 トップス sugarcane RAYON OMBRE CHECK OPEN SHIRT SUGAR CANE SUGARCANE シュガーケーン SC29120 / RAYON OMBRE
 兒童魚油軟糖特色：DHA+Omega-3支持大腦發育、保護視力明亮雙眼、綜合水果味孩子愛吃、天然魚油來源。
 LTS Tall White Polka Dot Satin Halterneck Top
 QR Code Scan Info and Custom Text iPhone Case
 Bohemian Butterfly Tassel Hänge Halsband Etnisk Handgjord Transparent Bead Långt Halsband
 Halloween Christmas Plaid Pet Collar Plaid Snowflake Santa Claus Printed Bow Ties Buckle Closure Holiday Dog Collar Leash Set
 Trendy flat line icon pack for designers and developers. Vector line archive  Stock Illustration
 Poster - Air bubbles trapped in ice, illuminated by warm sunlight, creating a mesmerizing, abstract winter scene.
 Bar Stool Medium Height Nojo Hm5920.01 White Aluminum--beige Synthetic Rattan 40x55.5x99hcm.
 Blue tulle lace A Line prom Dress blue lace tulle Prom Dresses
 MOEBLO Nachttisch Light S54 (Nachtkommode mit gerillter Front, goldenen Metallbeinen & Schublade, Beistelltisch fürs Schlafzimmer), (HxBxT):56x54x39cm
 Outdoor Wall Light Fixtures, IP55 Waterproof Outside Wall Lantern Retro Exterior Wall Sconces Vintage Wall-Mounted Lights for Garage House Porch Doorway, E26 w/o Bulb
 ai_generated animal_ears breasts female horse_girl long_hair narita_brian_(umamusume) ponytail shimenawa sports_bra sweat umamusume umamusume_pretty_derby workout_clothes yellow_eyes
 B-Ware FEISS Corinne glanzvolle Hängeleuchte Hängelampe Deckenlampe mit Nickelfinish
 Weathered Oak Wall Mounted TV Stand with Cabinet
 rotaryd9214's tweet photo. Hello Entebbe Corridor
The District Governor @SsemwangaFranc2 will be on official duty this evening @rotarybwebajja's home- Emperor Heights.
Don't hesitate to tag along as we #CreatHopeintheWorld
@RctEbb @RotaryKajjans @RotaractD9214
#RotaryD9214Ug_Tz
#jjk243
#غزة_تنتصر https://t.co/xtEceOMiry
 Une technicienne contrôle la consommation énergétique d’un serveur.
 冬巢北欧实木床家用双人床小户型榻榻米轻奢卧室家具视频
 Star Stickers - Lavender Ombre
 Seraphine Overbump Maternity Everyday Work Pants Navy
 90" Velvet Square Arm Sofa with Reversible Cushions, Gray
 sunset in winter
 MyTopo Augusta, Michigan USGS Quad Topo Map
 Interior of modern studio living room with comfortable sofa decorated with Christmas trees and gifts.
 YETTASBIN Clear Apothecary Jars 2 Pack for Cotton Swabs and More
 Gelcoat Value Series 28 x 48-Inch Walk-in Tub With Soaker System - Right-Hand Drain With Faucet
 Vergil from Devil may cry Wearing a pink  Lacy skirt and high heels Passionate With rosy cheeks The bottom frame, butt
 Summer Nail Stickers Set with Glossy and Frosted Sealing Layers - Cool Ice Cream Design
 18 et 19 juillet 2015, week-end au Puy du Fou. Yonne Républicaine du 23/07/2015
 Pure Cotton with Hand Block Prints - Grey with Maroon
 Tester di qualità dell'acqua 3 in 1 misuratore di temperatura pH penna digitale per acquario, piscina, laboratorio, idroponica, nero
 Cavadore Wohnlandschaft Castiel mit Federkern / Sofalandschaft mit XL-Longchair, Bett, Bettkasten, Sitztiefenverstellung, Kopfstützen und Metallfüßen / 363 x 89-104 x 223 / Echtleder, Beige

Your objective:
Write out all of the records above exactly as they appear.

Answer space:
 トップス sugarcane RAYON OMBRE CHECK OPEN SHIRT SUGAR CANE SUGARCANE シュガーケーン SC29120 / RAYON OMBRE
 兒童魚油軟糖特色：DHA+Omega-3支持大腦發育、保護視力明亮雙眼、綜合水果味孩子愛吃、天然魚油來源。
 LTS Tall White Polka Dot Satin Halterneck Top
 QR Code Scan Info and Custom Text iPhone Case
 Bohemian Butterfly Tassel Hänge Halsband Etnisk Handgjord Transparent Bead Långt Halsband
 Halloween Christmas Plaid Pet Collar Plaid Snowflake Santa Claus Printed Bow Ties Buckle Closure Holiday Dog Collar Leash Set
 Trendy flat line icon pack for designers and developers. Vector line archive  Stock Illustration
 Poster - Air bubbles trapped in ice, illuminated by warm sunlight, creating a mesmerizing, abstract winter scene.
 Bar Stool Medium Height Nojo Hm5920.01 White Aluminum--beige Synthetic Rattan 40x55.5x99hcm.
 Blue tulle lace A Line prom Dress blue lace tulle Prom Dresses
 MOEBLO Nachttisch Light S54 (Nachtkommode mit gerillter Front, goldenen Metallbeinen & Schublade, Beistelltisch fürs Schlafzimmer), (HxBxT):56x54x39cm
 Outdoor Wall Light Fixtures, IP55 Waterproof Outside Wall Lantern Retro Exterior Wall Sconces Vintage Wall-Mounted Lights for Garage House Porch Doorway, E26 w/o Bulb
 ai_generated animal_ears breasts female horse_girl long_hair narita_brian_(umamusume) ponytail shimenawa sports_bra sweat umamusume umamusume_pretty_derby workout_clothes yellow_eyes
 B-Ware FEISS Corinne glanzvolle Hängeleuchte Hängelampe Deckenlampe mit Nickelfinish
 Weathered Oak Wall Mounted TV Stand with Cabinet
 rotaryd9214's tweet photo. Hello Entebbe Corridor
The District Governor @SsemwangaFranc2 will be on official duty this evening @rotarybwebajja's home- Emperor Heights.
Don't hesitate to tag along as we #CreatHopeintheWorld
@RctEbb @RotaryKajjans @RotaractD9214
#RotaryD9214Ug_Tz
#jjk243
#غزة_تنتصر https://t.co/xtEceOMiry
 Une technicienne contrôle la consommation énergétique d’un serveur.
 冬巢北欧实木床家用双人床小户型榻榻米轻奢卧室家具视频
 Star Stickers - Lavender Ombre
 Seraphine Overbump Maternity Everyday Work Pants Navy
 90" Velvet Square Arm Sofa with Reversible Cushions, Gray
 sunset in winter
 MyTopo Augusta, Michigan USGS Quad Topo Map
 Interior of modern studio living room with comfortable sofa decorated with Christmas trees and gifts.
 YETTASBIN Clear Apothecary Jars 2 Pack for Cotton Swabs and More
 Gelcoat Value Series 28 x 48-Inch Walk-in Tub With Soaker System - Right-Hand Drain With Faucet
 Vergil from Devil may cry Wearing a pink  Lacy skirt and high heels Passionate With rosy cheeks The bottom frame, butt
 Summer Nail Stickers Set with Glossy and Frosted Sealing Layers - Cool Ice Cream Design
 18 et 19 juillet 2015, week-end au Puy du Fou. Yonne Républicaine du 23/07/2015
 Pure Cotton with Hand Block Prints - Grey with Maroon
 Tester di qualità dell'acqua 3 in 1 misuratore di temperatura pH penna digitale per acquario, piscina, laboratorio, idroponica, nero
 Cavadore Wohnlandschaft Castiel mit Federkern / Sofalandschaft mit XL-Longchair, Bett, Bettkasten, Sitztiefenverstellung, Kopfstützen und Metallfüßen / 363 x 89-104 x 223 / Echtleder, Beige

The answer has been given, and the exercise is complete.